Six girls queued up in the portico of the main building at Presidency University around noon on Wednesday, awaiting their turn at a makeshift cubicle with a wooden letterbox at its centre.
One by one, they picked up a piece of paper, ticked a box of their choice in secrecy and dropped it into the box. The choices? Yes, he should resign. No, he should not resign.
The group of six was among the 1,000-odd students who voted during the day for and against Harvard professor Sugata Bose remaining their institution’s mentor and member of the governing council after being nominated as the Trinamul Congress’s candidate for the Jadavpur Lok Sabha seat.
The students formed small queues before seven referendum booths set up across the campus. Members of the students’ union assumed the role of “polling agents”, striking names off a list against each secret vote that was dropped into a box.
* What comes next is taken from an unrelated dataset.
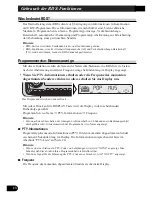 Preview for 90 page of Pioneer DEH-3300R Operation Manual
Teachers who oversaw the union polls last month did not participate in the referendum.
“Students came in large numbers as this issue matters a lot to them. We expect most of the 2,135 students would vote by Thursday,” said Sumalya Mukhopadhyay, the president of the Independents’ Consolidation-run union.
The referendum started at 10.30am, half an hour before classes commenced for the day. Volunteers manning the booths brief the students, many of them first-time voters, on the system adopted for the referendum.
“We asked them to fold the ballot after ticking an option and drop it in the designated box. The student who cast the first vote at a booth was shown that the box did not already contain any ballot to ensure transparency,” a polling agent said.
Till 7pm, 1,135 students had participated in the referendum. The second phase is scheduled for Thursday.
Aishwarya Kazi, a first-year student of philosophy, said the referendum was “a brilliant idea” that gave her the chance to “speak my mind”. “I strongly feel those who have been tasked to mentor our institution should not bring politics into the campus. A contradiction crops up. If you start with the mandate of depoliticising the campus, you should stick to it.”
Apart from the main building, booths were set up at the Baker Laboratory, Derozio and Netaji Subhas buildings so that students of all 21 departments could cast their votes.
Bose, professor of oceanic history at Harvard, had told Metro on Tuesday that he knew how to “compartmentalise my roles”.
“In the US, the registered Democrats and Republicans attached with academic institutes follow this ethics,” he said.
Bose found many backers among the students on Wednesday. “I voted for his retention as I believe that if he becomes an MP, Bose will bring more funds for the institute, which needs financial support urgently,” said an undergraduate student of physics.
Sunanda Dutta Roy, a second-year student of English, said she didn’t believe Bose would be able to balance his priorities. “I wonder how he will compartmentalise his roles if our campus again comes under attack from Trinamul,” she said, alluding to the vandalism at Presidency on April 10 last year by outsiders flaunting flags of the ruling party.
The sealed boxes containing the votes are being kept in the union room. They will be counted along with the votes cast on Thursday.
The result is to be announced on Friday, though nobody knows yet whether an unofficial students’ referendum will have a bearing on Bose’s official association with Presidency.